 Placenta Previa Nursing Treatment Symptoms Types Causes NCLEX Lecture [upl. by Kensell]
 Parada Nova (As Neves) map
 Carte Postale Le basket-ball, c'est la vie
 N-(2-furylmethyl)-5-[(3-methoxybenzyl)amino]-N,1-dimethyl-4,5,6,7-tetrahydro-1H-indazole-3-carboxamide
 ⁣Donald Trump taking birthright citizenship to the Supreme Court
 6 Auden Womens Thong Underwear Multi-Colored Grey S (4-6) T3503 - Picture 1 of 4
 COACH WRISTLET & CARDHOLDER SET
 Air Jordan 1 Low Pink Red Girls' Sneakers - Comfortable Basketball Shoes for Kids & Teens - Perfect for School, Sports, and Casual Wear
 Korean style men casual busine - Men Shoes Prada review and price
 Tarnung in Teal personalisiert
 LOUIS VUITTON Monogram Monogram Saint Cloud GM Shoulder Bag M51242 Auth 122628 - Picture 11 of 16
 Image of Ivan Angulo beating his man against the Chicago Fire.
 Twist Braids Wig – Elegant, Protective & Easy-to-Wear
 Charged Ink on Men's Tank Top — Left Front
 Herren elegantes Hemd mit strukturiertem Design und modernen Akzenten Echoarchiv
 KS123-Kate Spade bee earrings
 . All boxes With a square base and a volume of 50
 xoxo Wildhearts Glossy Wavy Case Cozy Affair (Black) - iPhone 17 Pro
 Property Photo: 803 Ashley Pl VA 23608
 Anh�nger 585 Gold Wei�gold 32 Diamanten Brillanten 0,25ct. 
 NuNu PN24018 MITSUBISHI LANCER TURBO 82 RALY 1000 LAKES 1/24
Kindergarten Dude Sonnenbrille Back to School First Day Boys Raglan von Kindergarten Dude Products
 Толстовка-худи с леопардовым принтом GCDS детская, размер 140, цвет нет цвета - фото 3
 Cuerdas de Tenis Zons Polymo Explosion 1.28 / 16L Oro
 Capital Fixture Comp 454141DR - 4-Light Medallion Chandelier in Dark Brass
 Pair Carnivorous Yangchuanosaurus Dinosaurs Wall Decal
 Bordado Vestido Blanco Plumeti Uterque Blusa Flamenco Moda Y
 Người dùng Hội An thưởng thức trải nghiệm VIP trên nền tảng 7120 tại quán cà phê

**Activity:** The lines that mention the word "Shoes" should be pulled from the records above.

**Output for this task:**
 Air Jordan 1 Low Pink Red Girls' Sneakers - Comfortable Basketball Shoes for Kids & Teens - Perfect for School, Sports, and Casual Wear
 Korean style men casual busine - Men Shoes Prada review and price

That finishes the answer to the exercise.